Over the course of a contentious week, Republicans took 15 votes for speaker before finally pushing McCarthy over the top late Friday. The roughly 20 far-right members who were opposing his selection held out for significant changes in how the GOP caucus will operate.
Some of the concessions demanded by the dissenters stand out as clear improvements to the status quo.
For example, McCarthy agreed to hold separate votes on the 12 appropriations bills, rather than bundling them together in a giant year-end package, as was recently the case with the $1.65 trillion omnibus spending bill.
Approving spending will become a longer and more arduous process, but it will also allow for more scrutiny of outlays and hopefully encourage Congress to set priorities for how it spends taxpayer money.
McCarthy also promised to give House members 72 hours to review bills before they come to the floor. It's hardly a radical notion that representatives should know what's in a bill before they're asked to give it their vote.
And he promised not to use his Congressional Leadership Fund to influence the outcome of open primary seats that are considered safe for the GOP. This will make it harder for him to stack the caucus with loyalists.
The House will now be required to vote before raising the debt limit, which offers the possibility, albeit slim, of bringing fiscal discipline to Congress.
Other concessions are off of the far-right wish list, including a new committee to investigate government investigations. Promises to hold votes on congressional term limits and border security and capping domestic and defense spending at pre-Biden administration levels have little chance of coming to fruition due to Democratic control of the Senate and White House.
There's no question McCarthy will have to work harder than his predecessor, Democrat Nancy Pelosi, to hold his caucus together. Among the promises he made was to add more Freedom Caucus members to the House Rules Committee. That's bound to give him a perpetual headache.

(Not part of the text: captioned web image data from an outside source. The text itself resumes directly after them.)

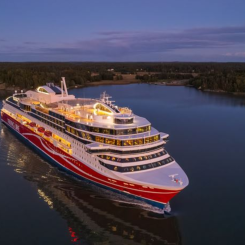 Viking Line vald till Årets hållbara aktör och Årets transportbolag. Foto: Viking Line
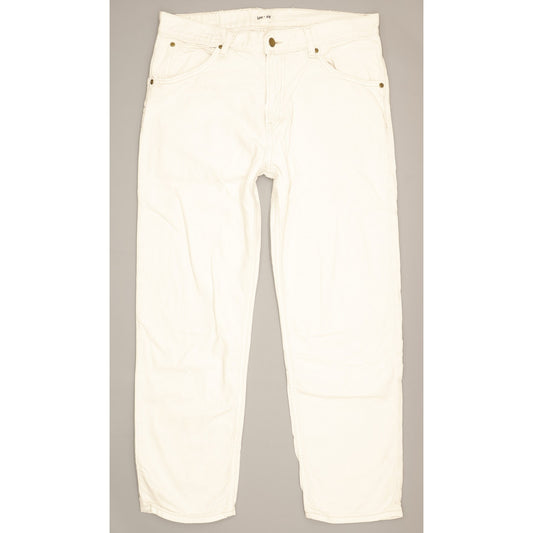 Lee Men White Straight Regular Jeans W34 L28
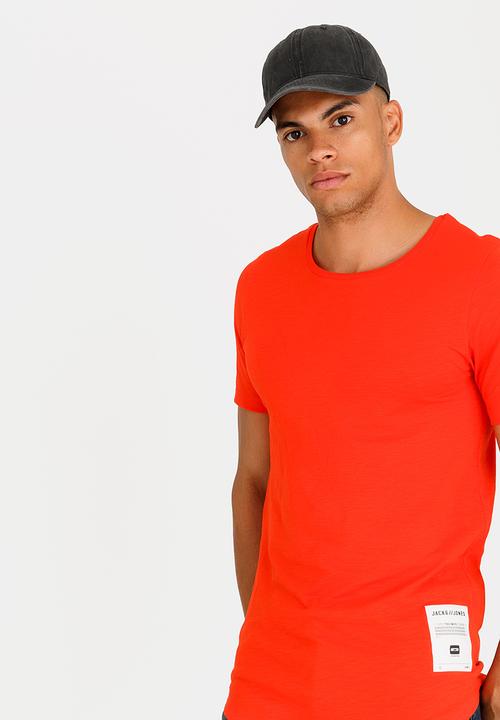 Jack & Jones - Vand Crew T-Shirt Orange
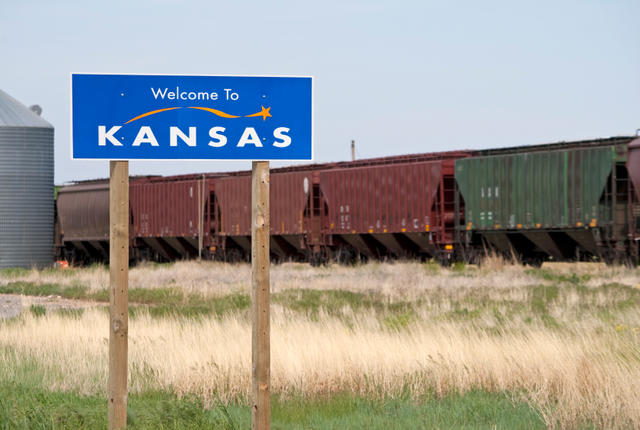 How Flat is Kansas?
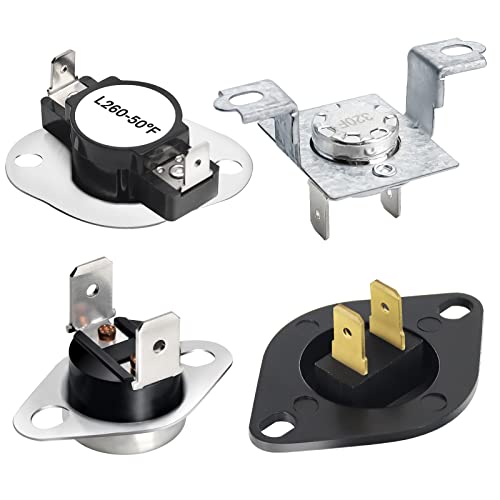 Techecook DC47-00016A Dryer Thermal Fuse Kit by Techecook - DC47-00016A Thermal Fuse & DC96-00887A Thermostat & DC32-00007A Thermistor & DC47-00018A High Limit Thermostat Fit for Samsung lg Kenmore Dryer - Image 1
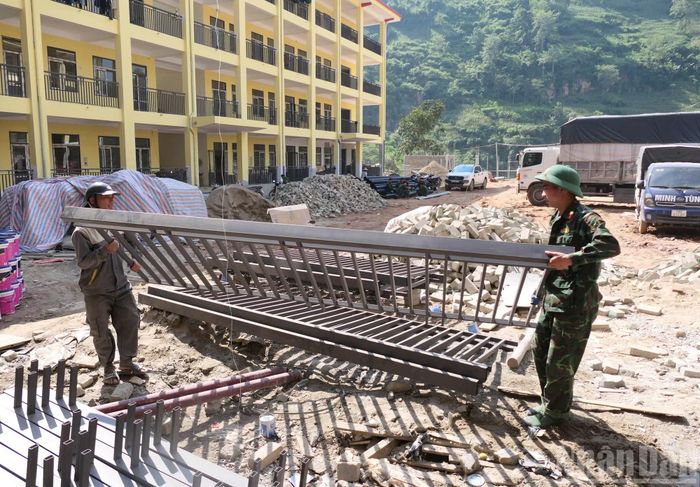 Đến nay, dự án đã hoàn thành khoảng 85% khối lượng công việc, phấn đấu hoàn thành trước năm học mới.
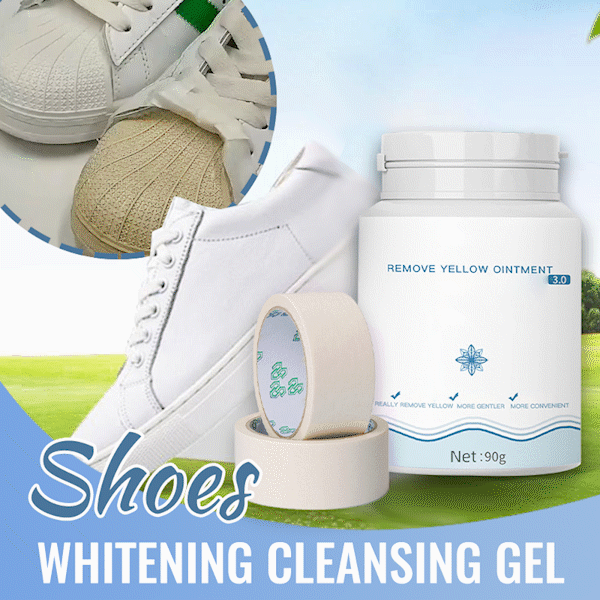 Shoes Whitening Cleansing Gel (Free tape)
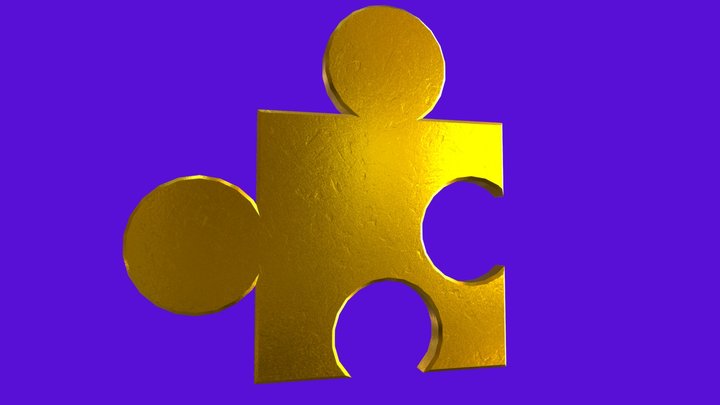 Mysterious Puzzle Piece by lizzy Koopa – Kostenloses 3D-Modell STL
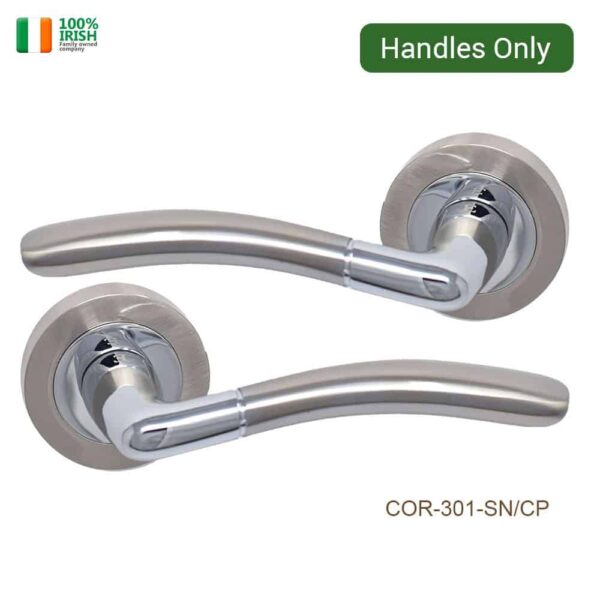 Cabra Premium Quality Zinc Door Handle Satin Nickel Chrome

He also accepted a demand to reinstate "motion to vacate" rules that will allow a single House member to start the process of removing the speaker. That could hamstring McCarthy, but it is how the House operated throughout most of its history until the rule was changed by Pelosi.
Weakening the iron grip the speaker has on the caucus offers some hope that representatives will stop falling into the party line and feel safer voting according to their own views and the needs of their districts.
Certainly, the week was awkward for Republicans. But it was also a useful civics lessons for Americans who got the rare opportunity to see inside the closed rooms where such arm-twisting and horse-trading usually play out.
In the end, chaos was averted, Republicans got the speaker most of them wanted, and it produced at least some changes that should make Congress better.